Vergonha de ser Madeirense

Ao longo da minha vida, em mais do que uma ocasião sinto puro nojo e/ou vergonha de me ter que me chamar de Madeirense.

Mas mais recentemente, com o caso da mulher grávida que foi agredida na Zona Velha, essa sensação caiu em cima de mim como um balde de água fria. Porquê? Ao ler e ao ouvir os comentários de madeirenses quanto a este caso, mais especificamente quando ouviram a notícia de que a mulher recusou as alegações de ter sido agredida.

“Covarde”. “Maluca.” “É que deve gostar de ser espancada”. “Gosta mesmo de apanhar no “focinho””. “Não tenho pena nenhuma”. “Devia era de apanhar mais”. “Quanto mais bates gosto de ti, hihihihi!”. “Que estúpida mulher”. “Mais uma burra, apanha no “focinho” e ainda aplaude!”. “Foi pouco, para a próxima é para a cova! HAHAHAHA!”. “Quando vi a notícia pela primeira vez fiquei com pena, agora não tenho pena nenhuma”. “Mandem esses (censurado) de volta para o buraco deles, não queremos esses bichos aqui!”. “No país deles as mulheres são tratadas assim, mandem-lhes de volta para lá”. “Isto é uma tristeza para as mulheres que são mulheres de verdade”. “Não vale a pena defenderem-na porque ela gosta”. “Ela é muito mau exemplo para as mulheres”. “Espero que lhe tirem o bébé!

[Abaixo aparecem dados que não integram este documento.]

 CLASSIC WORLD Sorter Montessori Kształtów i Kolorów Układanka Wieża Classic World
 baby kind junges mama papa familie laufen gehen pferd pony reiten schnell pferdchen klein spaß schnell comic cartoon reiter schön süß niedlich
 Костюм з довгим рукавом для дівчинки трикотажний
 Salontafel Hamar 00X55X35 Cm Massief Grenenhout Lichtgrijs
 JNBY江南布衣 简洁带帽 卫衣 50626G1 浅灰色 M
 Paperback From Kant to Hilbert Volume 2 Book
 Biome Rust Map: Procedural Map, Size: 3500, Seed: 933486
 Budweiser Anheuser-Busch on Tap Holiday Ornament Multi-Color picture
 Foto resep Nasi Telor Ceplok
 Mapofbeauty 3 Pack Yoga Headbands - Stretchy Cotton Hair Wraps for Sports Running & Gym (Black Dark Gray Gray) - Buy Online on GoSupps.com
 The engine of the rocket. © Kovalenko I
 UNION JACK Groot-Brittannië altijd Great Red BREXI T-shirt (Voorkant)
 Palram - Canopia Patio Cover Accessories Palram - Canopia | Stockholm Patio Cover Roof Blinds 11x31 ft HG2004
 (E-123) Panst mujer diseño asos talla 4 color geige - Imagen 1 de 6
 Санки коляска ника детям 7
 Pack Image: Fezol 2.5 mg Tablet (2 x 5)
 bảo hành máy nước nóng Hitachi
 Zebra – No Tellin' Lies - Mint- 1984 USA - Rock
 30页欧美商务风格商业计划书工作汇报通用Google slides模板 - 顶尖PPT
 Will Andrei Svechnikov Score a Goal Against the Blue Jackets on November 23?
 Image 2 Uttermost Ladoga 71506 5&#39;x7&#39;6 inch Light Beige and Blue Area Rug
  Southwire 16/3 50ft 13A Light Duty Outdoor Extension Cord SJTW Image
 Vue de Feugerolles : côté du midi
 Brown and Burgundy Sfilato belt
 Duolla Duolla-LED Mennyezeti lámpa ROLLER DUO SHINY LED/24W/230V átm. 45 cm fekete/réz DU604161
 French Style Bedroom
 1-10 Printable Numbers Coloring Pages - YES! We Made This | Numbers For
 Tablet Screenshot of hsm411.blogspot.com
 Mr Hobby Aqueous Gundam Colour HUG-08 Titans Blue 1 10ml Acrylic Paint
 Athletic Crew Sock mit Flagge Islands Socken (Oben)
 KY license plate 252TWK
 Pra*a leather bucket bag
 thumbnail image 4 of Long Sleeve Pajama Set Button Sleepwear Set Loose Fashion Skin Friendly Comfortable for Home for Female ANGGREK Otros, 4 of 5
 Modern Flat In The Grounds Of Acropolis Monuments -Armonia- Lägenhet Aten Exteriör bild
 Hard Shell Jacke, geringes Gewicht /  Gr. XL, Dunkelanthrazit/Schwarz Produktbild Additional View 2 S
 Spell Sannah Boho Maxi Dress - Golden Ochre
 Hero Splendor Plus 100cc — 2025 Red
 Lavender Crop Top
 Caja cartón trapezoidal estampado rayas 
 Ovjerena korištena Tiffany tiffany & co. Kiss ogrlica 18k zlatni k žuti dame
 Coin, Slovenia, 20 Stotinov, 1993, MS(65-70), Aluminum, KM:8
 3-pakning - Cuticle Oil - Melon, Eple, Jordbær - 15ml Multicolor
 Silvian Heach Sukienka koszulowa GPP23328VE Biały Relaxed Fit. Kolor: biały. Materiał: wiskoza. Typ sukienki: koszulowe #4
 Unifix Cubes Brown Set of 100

Sem vergonha essa fulana!” “Ela tem que ser castigada”. “ “A culpa é dela”.

Isto são apenas alguns comentários de muitos.

Esta mulher não sofre só de atitudes e comentários de sexismo, machismo, misoginia, como também, ainda por cima, xenofobia.

São estas atitudes precisamente que levam as vítimas de violência a se esconderem, submeterem, baixarem a cabeça.

Convido ao povo Madeirense, ao nosso povo de mente fechada a 7 chaves, a experimentarem colocarem-se nos sapatos de uma vítima. Ameaçada. Manipulada. Com medo, por si, e pela sua criança. Não tem auto-confiança nem coragem nenhuma, porque tudo foi lhe retirado com cada pancada e cada ameaça. Porque foi ensinada assim a vida toda. Pressionada, gozada, oprimida, desvalorizada, humilhada pelos outros: amigos, família, as pessoas da rua. As autoridades, a legislação, os tribunais, pouco ou nada também fazem por estas vítimas - talvez elas próprias são também do tipo de pessoas que gozam das vítimas e/ou culpam-nas.

Convido a também abrirem as vossas mentes fechadas e lerem; lerem artigos, relatos, ler e ouvir, para perceberem os porquês destas vítimas, pois estamos no século 21, e o Google, como também as bibliotecas, e as associações de apoio a vítimas, todas estas existem.

É precisamente pela falta de apoio e consideração que estas vítimas cada vez mais se escondem e não se pronunciam até ao dia que acabam no caixão. Aí sim, de repente toda a gente já se lamenta, já têm pena, mas é tarde demais.

Quantos mais “tardes demais” precisaremos para nos aperceber-nos que talvez as nossas ações, os nossos comentários, as nossas mentes fechadas poderiam ser diferentes... E quem sabe, diretamente ou indiretamente, salvar vidas e castigar os que realmente devem ser castigados? E a evoluirmos como sociedade?